For someone facing the stress, expense and embarrassment of a criminal trial, a plea bargain might seem like a preferable alternative. A successful plea bargain could mean that instead of a felony offense, the offense on your record is a misdemeanor.
Even just pleading guilty can seem like a better outcome. You also don’t have to worry about going to trial — a process that can be expensive and exhausting. Some people also assume that if they enter a plea, they will receive more lenient sentencing.
However, there is a dark side to entering a guilty plea, especially if you are not guilty.
A plea probably won’t protect you from punishment
Unless the prosecutor offers reduced consequences or your attorney successfully negotiates for them, the judge receiving your plea will still have the right to decide what sentence to impose. Although guilty pleas can motivate judges to be lenient, others still want to appear tough on crime and may sentence you to the maximum penalty allowed under the law.
Unless the language of the deal protects you from penalties, there is no guarantee that a plea will help you avoid jail probation or other serious consequences. A plea may not reduce mandatory or administrative consequences, like the loss of your driver’s license
Your criminal record could hold you back for life
A criminal record is easy for future employers or even educational institutions to find. Once you have a record, you must disclose it when applying for enrollment in school, housing, new jobs or educational funding. If you lie, you could face additional consequences and the loss of your enrollment, job or financial aid.

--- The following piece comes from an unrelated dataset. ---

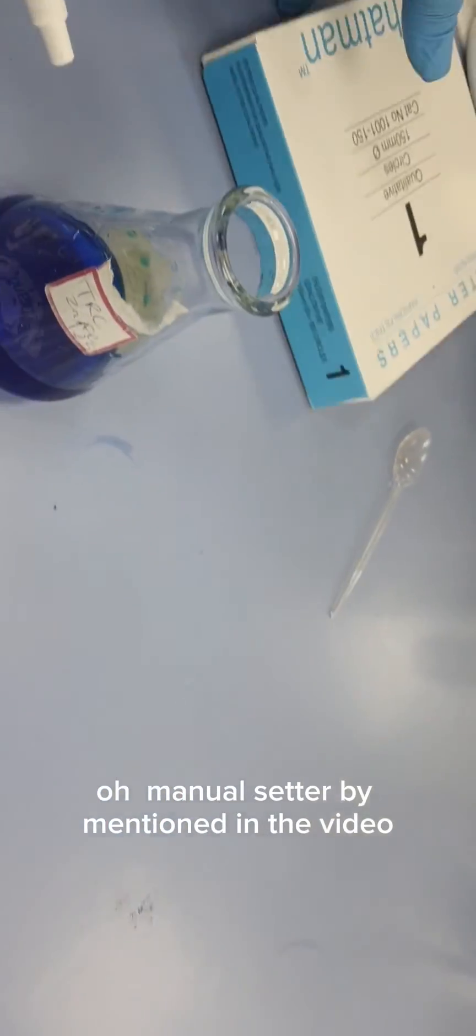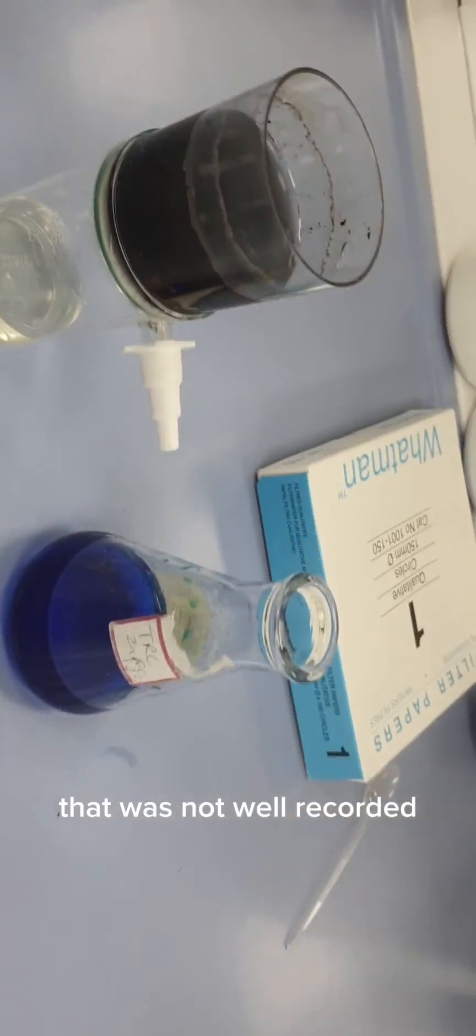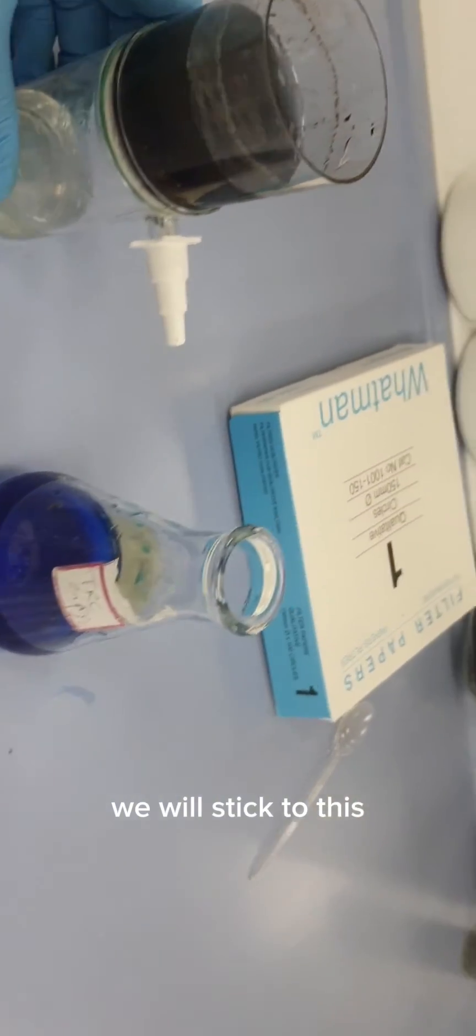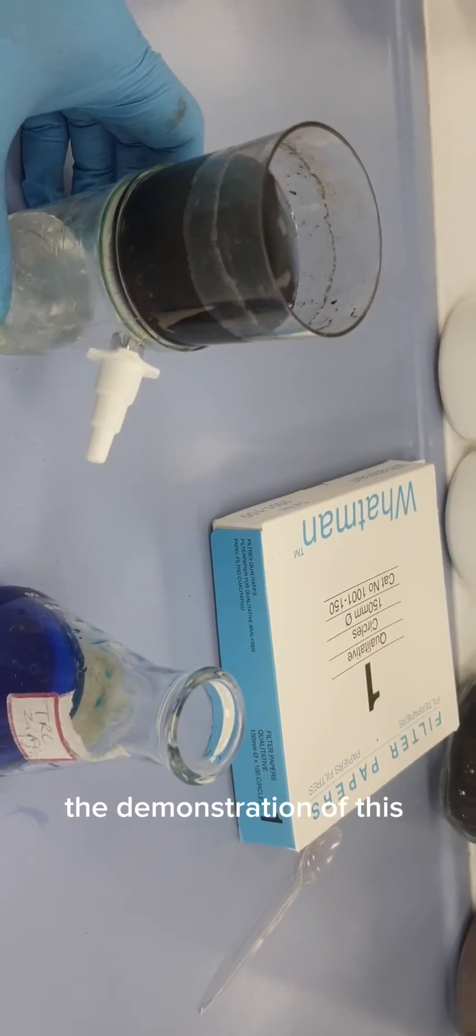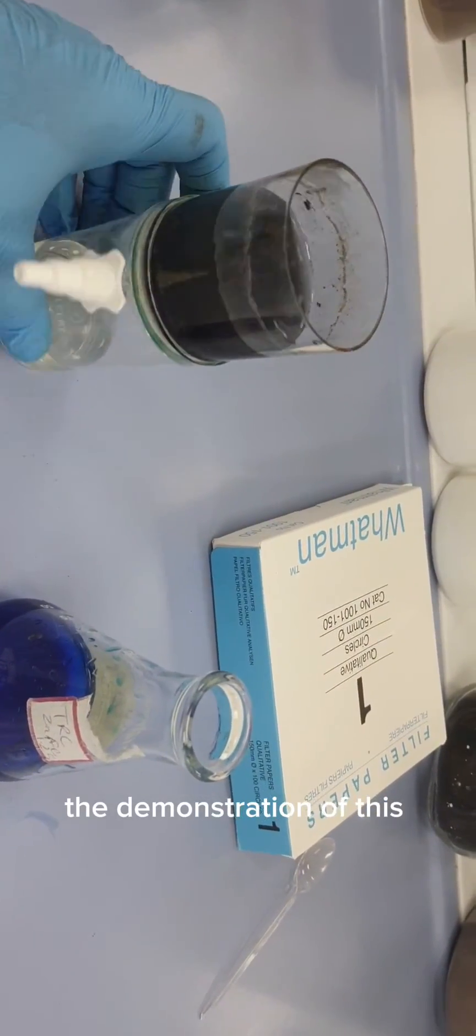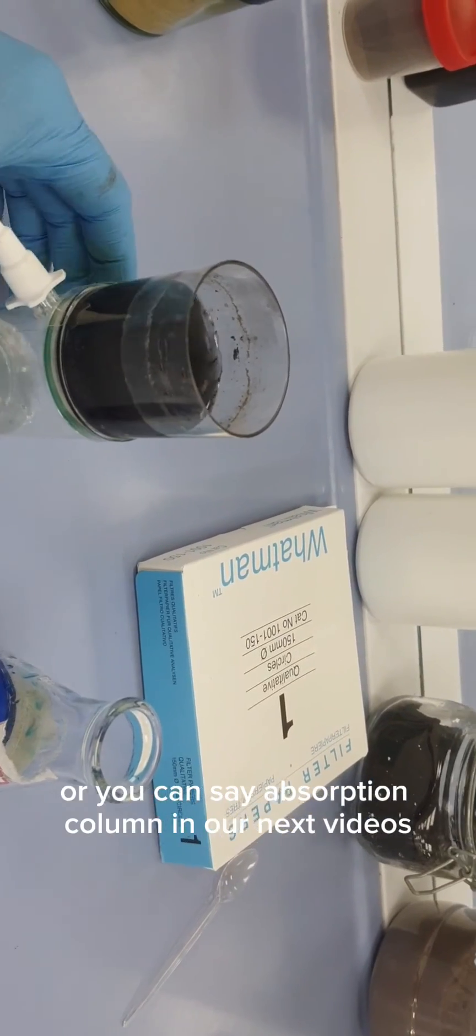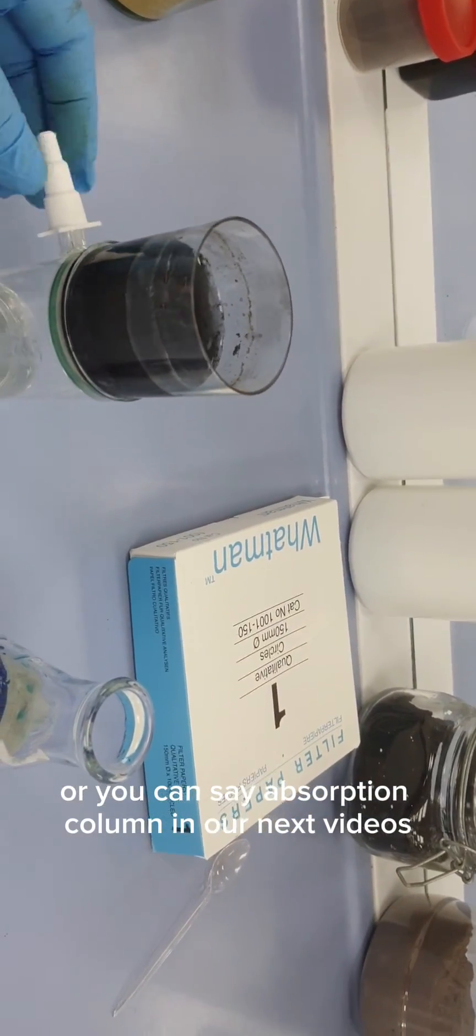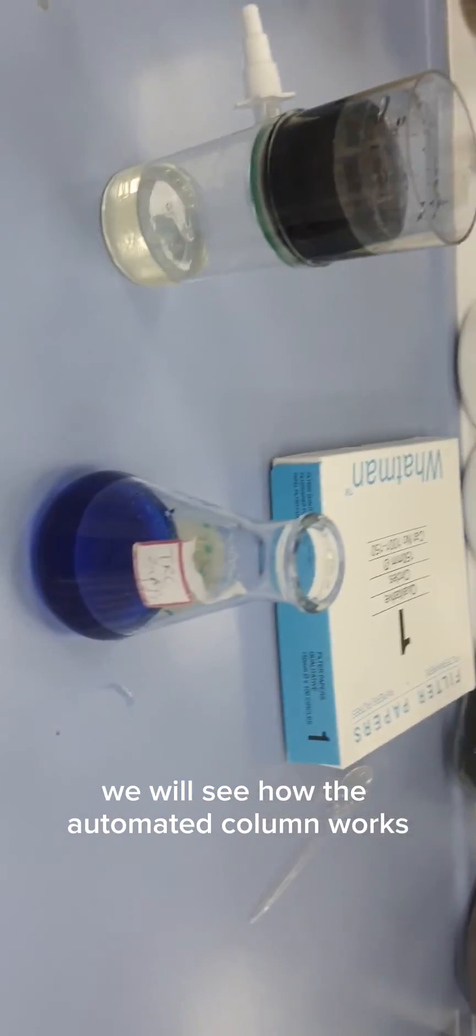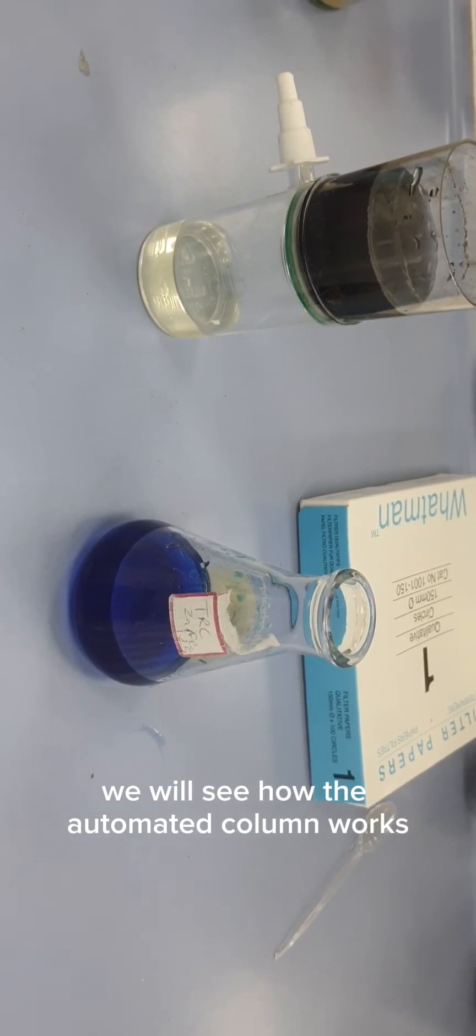Forgot to tell you that the old or manual setup I mentioned in the video was not well recorded, so we will stick to this and to the demonstration of this manual or adsorption column.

Everyone from rental companies to scholarship programs do background checks as part of vetting applicants, so your guilty plea might mean having limited opportunities for schooling, work and even housing.
Although it may mean more effort right now, mounting a thorough criminal defense instead of pleading guilty when you know you are innocent can protect you from all of us secondary consequences of a conviction. An experienced attorney can help.